I think there are two.  First, hearkening to last week, the Ring plans and plots just as the free peoples do.  Every time Gandalf plans, the Ring has a chance to counter.  The Ring can twist those plans to its own will.  The Ring, we could choose to believe, bided its time while Frodo bore it, only to overwhelm his will in the heart of Mordor.  Otherwise, Frodo could have taken the Ring deep underground as Gollum has.  But by waiting until it was inside Mordor, the Ring could be assured Sauron would retrieve it.  Whether Gollum or Frodo left Mount Doom with the Ring, Sauron was going to get it from them.

But no one could have predicted Gollum’s fall.  It isn’t an event that could be planned for, and so there is no plan to twist.  Just as the oppressed must ensure their defiance doesn’t feed into a cycle of oppression, so only an accident can ensure the Ring’s destruction.

Widening our scope from the content of our text to the mind of our author (because within the context of the story it certainly seems too convenient to be believable) what was he thinking?  Having survived World War I, only to see World War II erupt mere decades after, we can understand Tolkien’s concern of a cycle of violence.  And if war is the true villain, and if war requires planning, then the only way to avoid war is by an act that cannot be planned.  But that doesn’t make for great stories.  We can imagine, in years after, when this tale becomes a common story among the people of Middle Earth, that this version will be lost in favor of a more dramatic version.  Frodo pushed Gollum, or the Nazgûl appeared in the cavern entrance, and Gollum panicked and fell in.  But sometimes things just... happen.

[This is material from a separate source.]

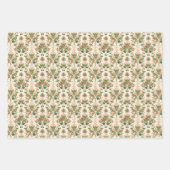 William Morris Antique Honeysuckle Floral Pattern Geschenkpapier Set (Vorderseite)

We all have experience with eucatastrophes, to one degree or another.  Everything goes wrong and seems to get worse and worse and worse but then, suddenly, everything gets better.  And because it is our life, we don’t do a good job of asking “why?”  We’re too relieved to wonder.  And if someone were to ask what happened, we’d either admit we don’t know, or we’d try to come up with a rationalization.  Neither makes more sense than the other.  There’s no good reason for Gollum to fall, and trying to invent one would be futile.  But it happened.  And maybe in our lives, looking for a reason why our fortune suddenly turned is futile.

We may never understand why the Creative Wizard decided to have the Ring come to such an anti-climactic end.  There are many good reasons we can come up with, but those say more about ourselves than the text.  That’s the beauty of this kind of text study.  We take a text, try to understand its original purpose, and then ultimately walk away with a lesson that is unique to us.